Business Suggestions (Actionable Insights):

1. Prioritize infrastructure upgrades in high-outage areas, particularly focusing on weatherproofing, grid modernization (the increasing rise in trend in recent years may be due to the aging infrastructure), and incorporating smart grid technologies. With the data presented, seems like the grid is vulnerable to extreme weather events, which are becoming more frequent and severe with climate change.
2. Develop state-specific strategies for areas like California and Texas, where the impact of outages is high in terms of customer numbers and demand loss.
3. Integrate climate change impact assessments into planning phases to mitigate the trend of environmental-related outages.
4. Invest in renewable energy sources to reduce the impact of outages.
5. Strengthen the Cybersecurity infrastructure as it includes high restoration power and hence managing it beforehand would be great.
6. Streamline the necessary emergency response processes so that it can reduce average restoration hours for emergency alerts.
7. Invest in prediction analytics to anticipate potential outages and deploy necessary measures.

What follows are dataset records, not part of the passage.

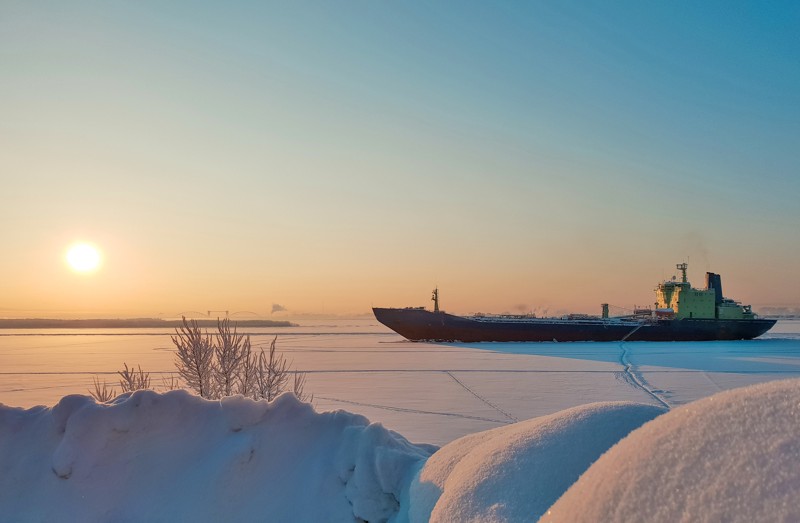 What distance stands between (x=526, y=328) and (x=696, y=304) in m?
13.3

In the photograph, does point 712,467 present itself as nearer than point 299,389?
Yes

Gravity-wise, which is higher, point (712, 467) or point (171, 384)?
point (712, 467)

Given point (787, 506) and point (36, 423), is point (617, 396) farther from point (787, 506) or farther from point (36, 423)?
point (787, 506)

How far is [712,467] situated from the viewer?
4.23 ft

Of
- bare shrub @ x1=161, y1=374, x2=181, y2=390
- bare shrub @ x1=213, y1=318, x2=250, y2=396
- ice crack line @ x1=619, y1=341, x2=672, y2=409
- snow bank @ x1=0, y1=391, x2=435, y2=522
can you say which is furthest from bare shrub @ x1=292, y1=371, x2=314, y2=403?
ice crack line @ x1=619, y1=341, x2=672, y2=409

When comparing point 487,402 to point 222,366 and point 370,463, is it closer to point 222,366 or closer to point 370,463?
point 222,366

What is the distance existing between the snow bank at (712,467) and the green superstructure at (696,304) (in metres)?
41.9

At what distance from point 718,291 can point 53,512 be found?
4727 cm

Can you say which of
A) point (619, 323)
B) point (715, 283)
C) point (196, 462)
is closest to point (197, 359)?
point (196, 462)

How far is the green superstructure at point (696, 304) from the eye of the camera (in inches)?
1588

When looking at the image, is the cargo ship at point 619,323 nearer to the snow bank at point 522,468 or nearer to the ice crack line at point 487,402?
the ice crack line at point 487,402

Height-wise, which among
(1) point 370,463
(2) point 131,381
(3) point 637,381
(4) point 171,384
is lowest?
(3) point 637,381

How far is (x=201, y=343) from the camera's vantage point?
24.3 feet

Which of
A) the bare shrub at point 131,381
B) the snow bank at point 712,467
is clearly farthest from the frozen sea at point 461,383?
the snow bank at point 712,467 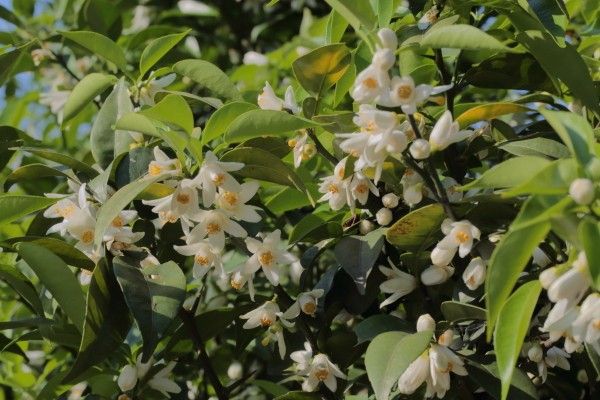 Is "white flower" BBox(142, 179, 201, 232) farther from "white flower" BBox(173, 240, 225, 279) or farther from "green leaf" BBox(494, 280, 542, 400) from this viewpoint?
"green leaf" BBox(494, 280, 542, 400)

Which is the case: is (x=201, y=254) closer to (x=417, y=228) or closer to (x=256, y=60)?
(x=417, y=228)

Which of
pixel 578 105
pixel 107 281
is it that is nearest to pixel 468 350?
pixel 578 105

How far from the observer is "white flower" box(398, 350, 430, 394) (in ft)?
4.22

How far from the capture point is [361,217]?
1561mm

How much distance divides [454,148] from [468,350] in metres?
0.35

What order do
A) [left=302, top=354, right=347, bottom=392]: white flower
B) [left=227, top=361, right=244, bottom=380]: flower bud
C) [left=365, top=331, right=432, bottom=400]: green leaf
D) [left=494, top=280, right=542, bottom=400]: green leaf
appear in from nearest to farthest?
[left=494, top=280, right=542, bottom=400]: green leaf, [left=365, top=331, right=432, bottom=400]: green leaf, [left=302, top=354, right=347, bottom=392]: white flower, [left=227, top=361, right=244, bottom=380]: flower bud

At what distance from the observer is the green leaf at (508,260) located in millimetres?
1006

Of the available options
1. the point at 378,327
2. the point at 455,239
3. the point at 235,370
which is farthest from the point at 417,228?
the point at 235,370

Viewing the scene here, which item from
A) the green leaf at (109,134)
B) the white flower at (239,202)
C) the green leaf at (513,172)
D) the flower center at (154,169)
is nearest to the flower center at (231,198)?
the white flower at (239,202)

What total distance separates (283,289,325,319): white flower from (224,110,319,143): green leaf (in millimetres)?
297

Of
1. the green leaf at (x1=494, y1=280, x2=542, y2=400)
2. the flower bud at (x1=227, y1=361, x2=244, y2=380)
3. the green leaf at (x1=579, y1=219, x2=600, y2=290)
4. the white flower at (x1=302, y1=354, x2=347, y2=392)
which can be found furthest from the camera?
the flower bud at (x1=227, y1=361, x2=244, y2=380)

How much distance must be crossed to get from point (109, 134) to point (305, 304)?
475 millimetres

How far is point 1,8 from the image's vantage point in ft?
8.23

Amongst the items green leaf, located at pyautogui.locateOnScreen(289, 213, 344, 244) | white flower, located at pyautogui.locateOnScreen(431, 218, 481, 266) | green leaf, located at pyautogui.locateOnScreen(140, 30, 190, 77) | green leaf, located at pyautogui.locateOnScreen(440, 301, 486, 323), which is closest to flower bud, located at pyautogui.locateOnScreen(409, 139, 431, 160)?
white flower, located at pyautogui.locateOnScreen(431, 218, 481, 266) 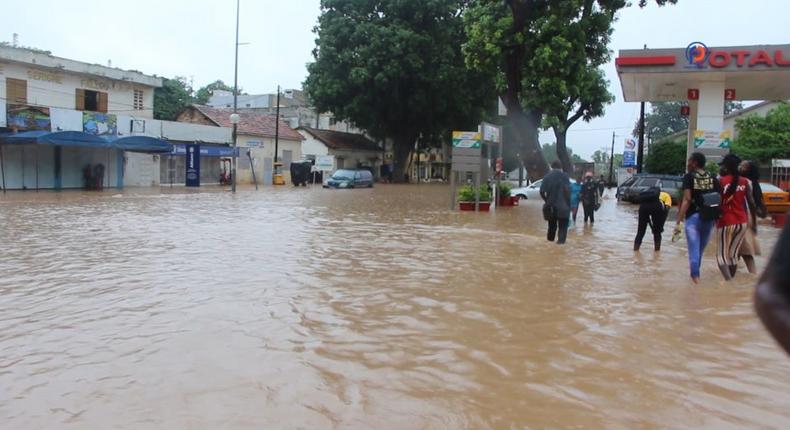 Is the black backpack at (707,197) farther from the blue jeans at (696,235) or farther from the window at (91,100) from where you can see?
the window at (91,100)

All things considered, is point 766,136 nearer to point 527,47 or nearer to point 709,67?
point 527,47

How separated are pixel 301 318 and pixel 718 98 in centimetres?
1703

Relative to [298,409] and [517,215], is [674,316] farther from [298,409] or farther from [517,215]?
[517,215]

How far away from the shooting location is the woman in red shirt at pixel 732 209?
7.87 meters

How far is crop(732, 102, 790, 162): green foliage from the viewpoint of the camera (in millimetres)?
34875

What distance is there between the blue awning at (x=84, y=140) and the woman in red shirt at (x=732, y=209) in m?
26.5

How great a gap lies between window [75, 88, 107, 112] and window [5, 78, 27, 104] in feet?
9.81

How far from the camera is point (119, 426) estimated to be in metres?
3.55

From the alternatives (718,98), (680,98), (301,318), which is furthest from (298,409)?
(680,98)

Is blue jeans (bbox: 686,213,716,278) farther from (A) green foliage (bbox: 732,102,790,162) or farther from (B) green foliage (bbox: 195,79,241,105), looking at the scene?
(B) green foliage (bbox: 195,79,241,105)

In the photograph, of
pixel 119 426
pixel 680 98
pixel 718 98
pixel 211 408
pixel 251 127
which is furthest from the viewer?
pixel 251 127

Conclusion (Personal Experience):

There was a lot of learning involved from data cleaning to visualization. This gave me a real-time project experience. I survived this and hope I will survive the data world too! I have spent countless hours working on the data cleaning process - especially restoration date and time, as well as NERC and Areas, affected by deciding how to split values, what to consider for analysis, etc. There might for sure be a way to get through these challenges a bit easier, but with the skillset I have, I decided to take up this challenge and survive! With further projects, I’m sure I will find ways to optimize the process!